[[ THE DATA open ]]
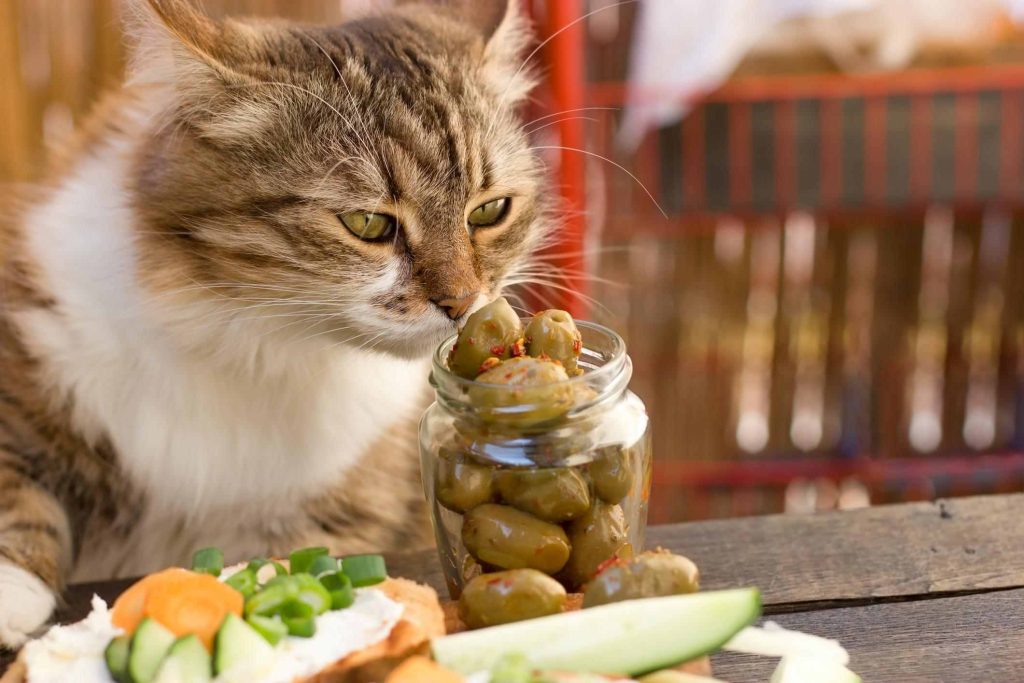 los gatos pueden comer aceitunas campo grande peru lima y provincias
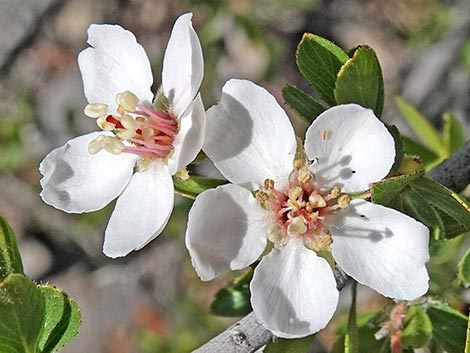 Wild Crab Apple (Peraphyllum ramosissimum)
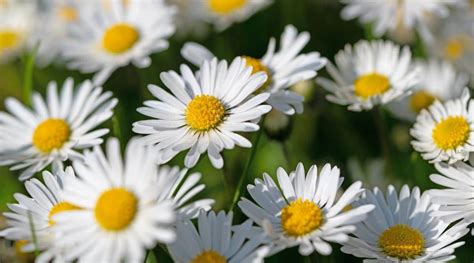 daidy blooms|Daisy Varieties: 34 Different Types of Beautiful Daisies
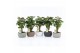 Polyscias fabian in classic stone schalen 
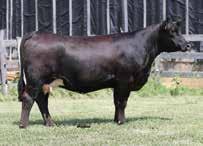 87 API 105 In the history of the Fall Harvest sale one cow family has shined and been dominant over the years producing high sellers and progeny galore.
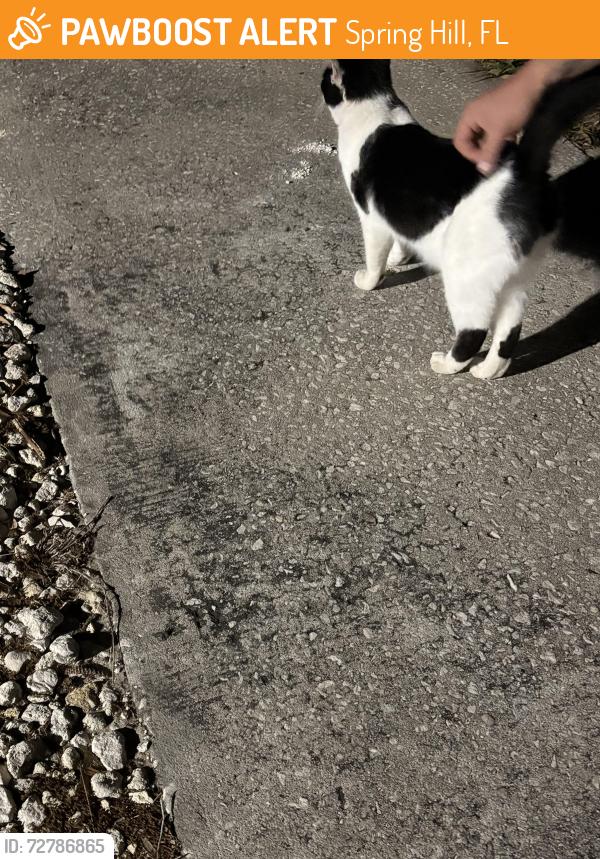 Found/Stray Unknown Cat last seen Springwood and landover, Spring Hill, FL 34609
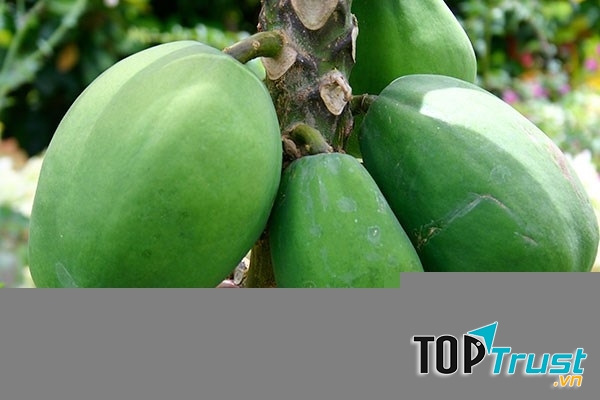 Công dụng bất ngờ của cây đu đủ xanh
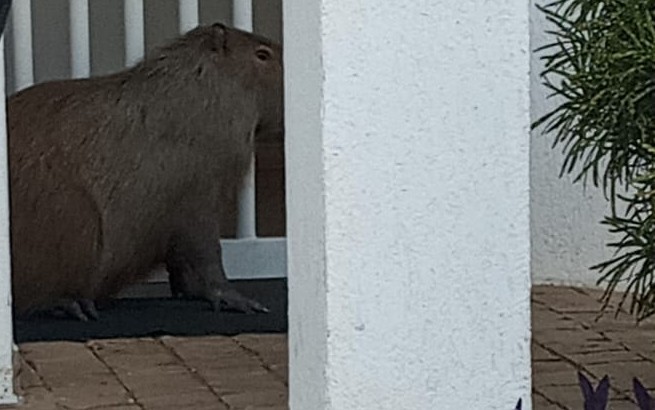 VÍDEO: após atropelamento, capivara é capturada no Bairro Martins, em Uberlândia 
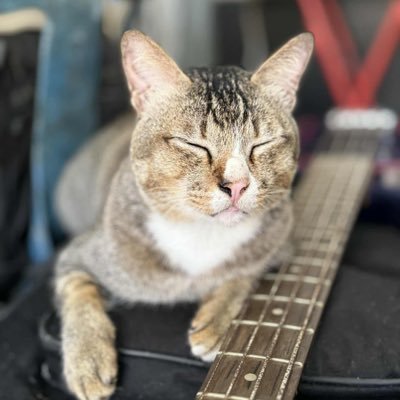 fasai77m's profile picture. Art @FasaiMidori ☘️ 20↑ SWU 🏳️‍🌈 Hetalia,PLAVE, 刀剣乱舞,Touhou,TPN,48TH,🏐HQ: 🔄🆗 Atsukita,Bokuaka,Kurodai,Kuroken,Levyaku,Oisuga, Semishira,Ushioi,UshisakuUshi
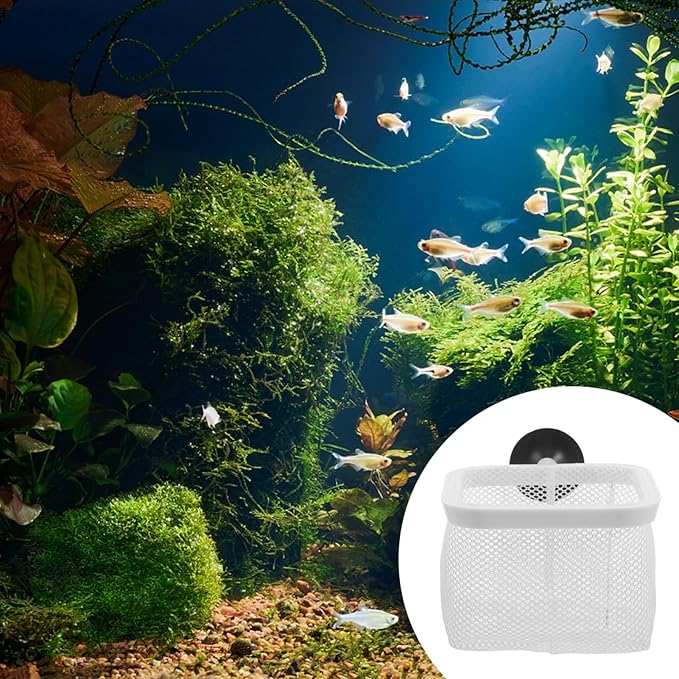 Totority Fish Tank Breeder Net with Suction Cups Durable Isolation Box for Shrimp and Betta Fish Easy Installation and Cleaning Spawning and Protection of Newborns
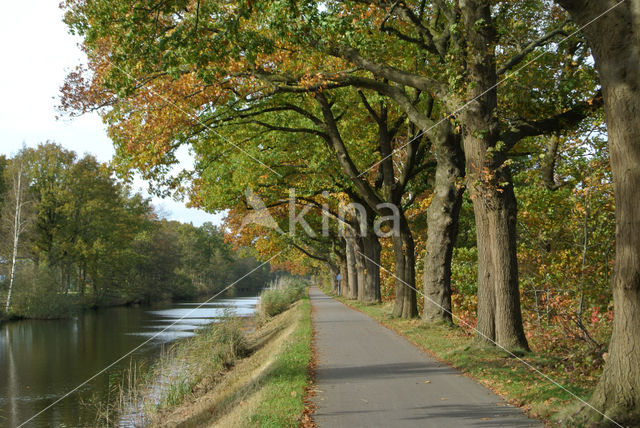 Amerikaanse eik (Quercus rubra)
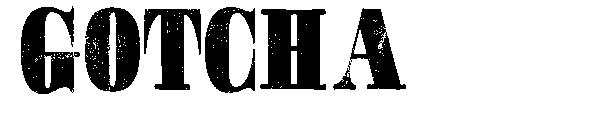GOTCHA字体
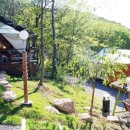 종자리로2 이미지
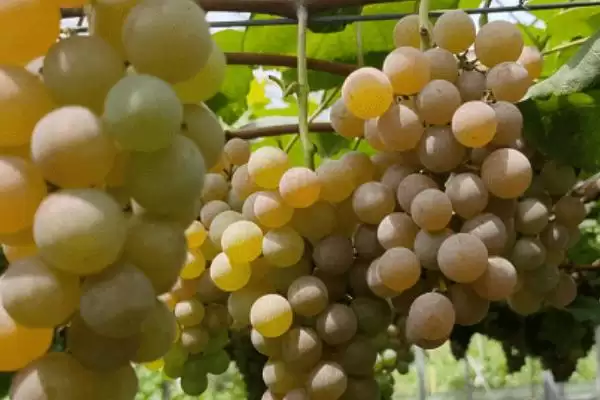 阿捷玫瑰葡萄特点(阿捷玫瑰葡萄果实好但生长周期长的优劣势分析)插图2 阿捷玫瑰葡萄特点(阿捷玫瑰葡萄果实好但生长周期长的优劣势分析)插图2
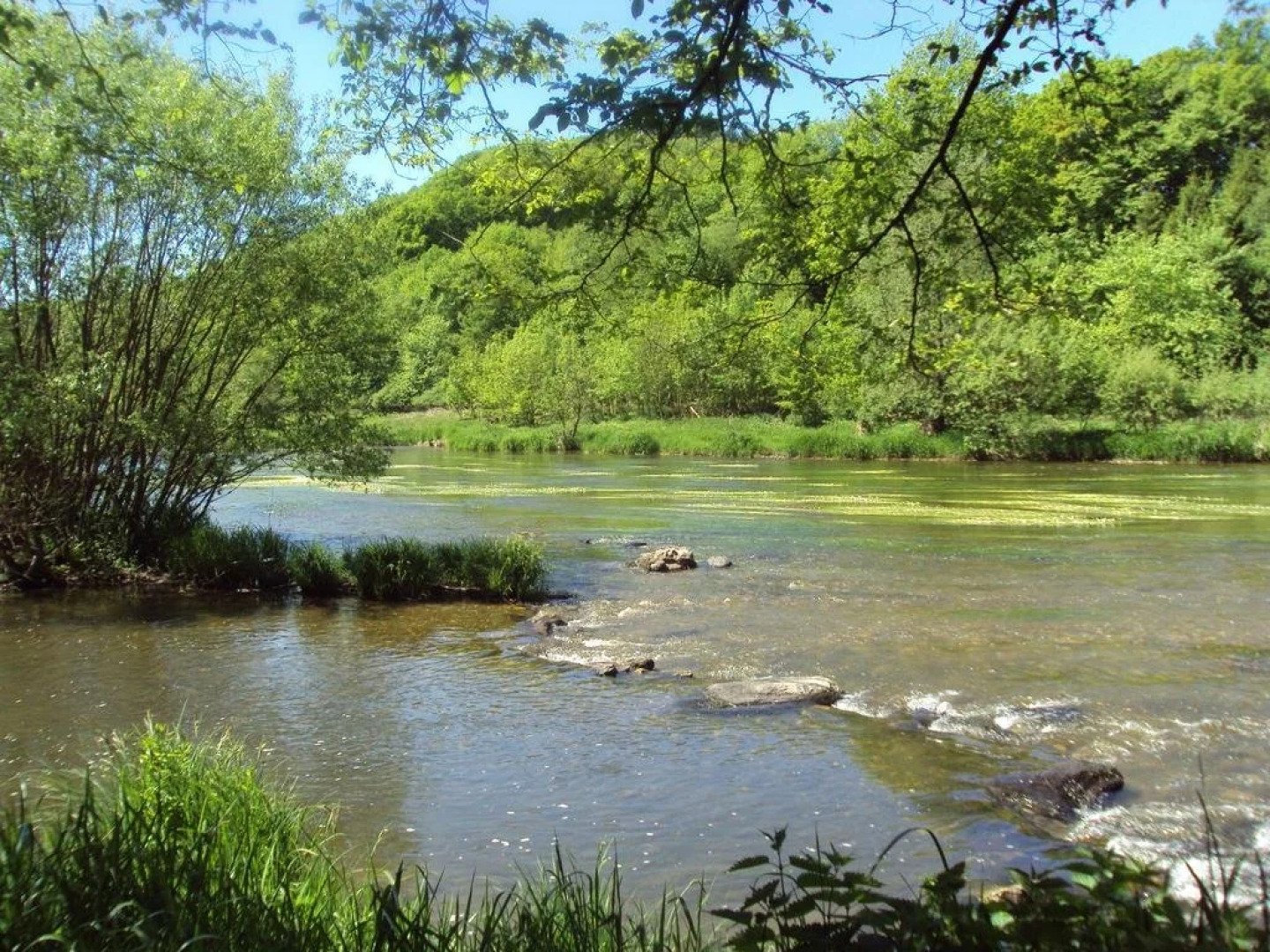 Le vieux moulin Bohan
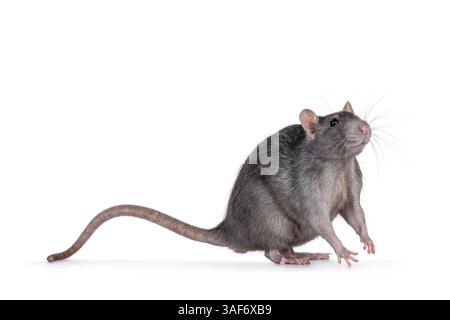 Ziemlich reife weibliche Ratte, seitlich stehend. Blick auf die Kamera. Isoliert auf weißem Hintergrund. Stockfoto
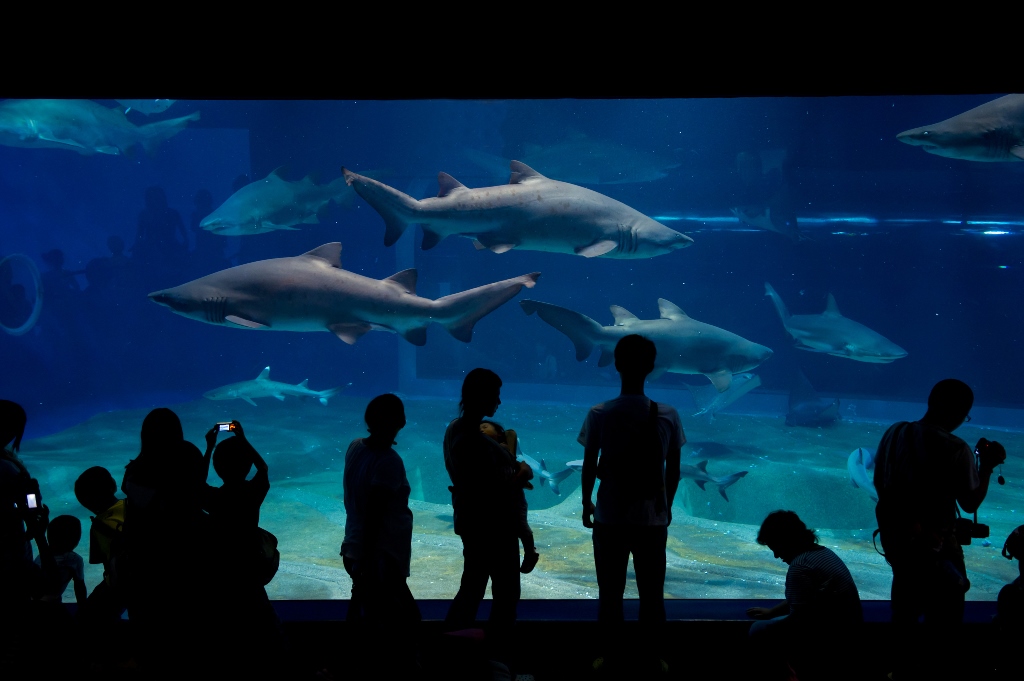 シロワニの泳ぐサメ水槽。体長2mを超える「シロワニ」は迫力満点の写真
[[ THE DATA closed ]]
__TASK BRIEF__.
Write out, word for word, the lines from the start of the data through the one holding "fasai77m's profile picture.". Omit pictures.

__ANSWER BELOW__.
 los gatos pueden comer aceitunas campo grande peru lima y provincias
 Wild Crab Apple (Peraphyllum ramosissimum)
 daidy blooms|Daisy Varieties: 34 Different Types of Beautiful Daisies
 Polyscias fabian in classic stone schalen 
 87 API 105 In the history of the Fall Harvest sale one cow family has shined and been dominant over the years producing high sellers and progeny galore.
 Found/Stray Unknown Cat last seen Springwood and landover, Spring Hill, FL 34609
 Công dụng bất ngờ của cây đu đủ xanh
 VÍDEO: após atropelamento, capivara é capturada no Bairro Martins, em Uberlândia 
 fasai77m's profile picture. Art @FasaiMidori ☘️ 20↑ SWU 🏳️‍🌈 Hetalia,PLAVE, 刀剣乱舞,Touhou,TPN,48TH,🏐HQ: 🔄🆗 Atsukita,Bokuaka,Kurodai,Kuroken,Levyaku,Oisuga, Semishira,Ushioi,UshisakuUshi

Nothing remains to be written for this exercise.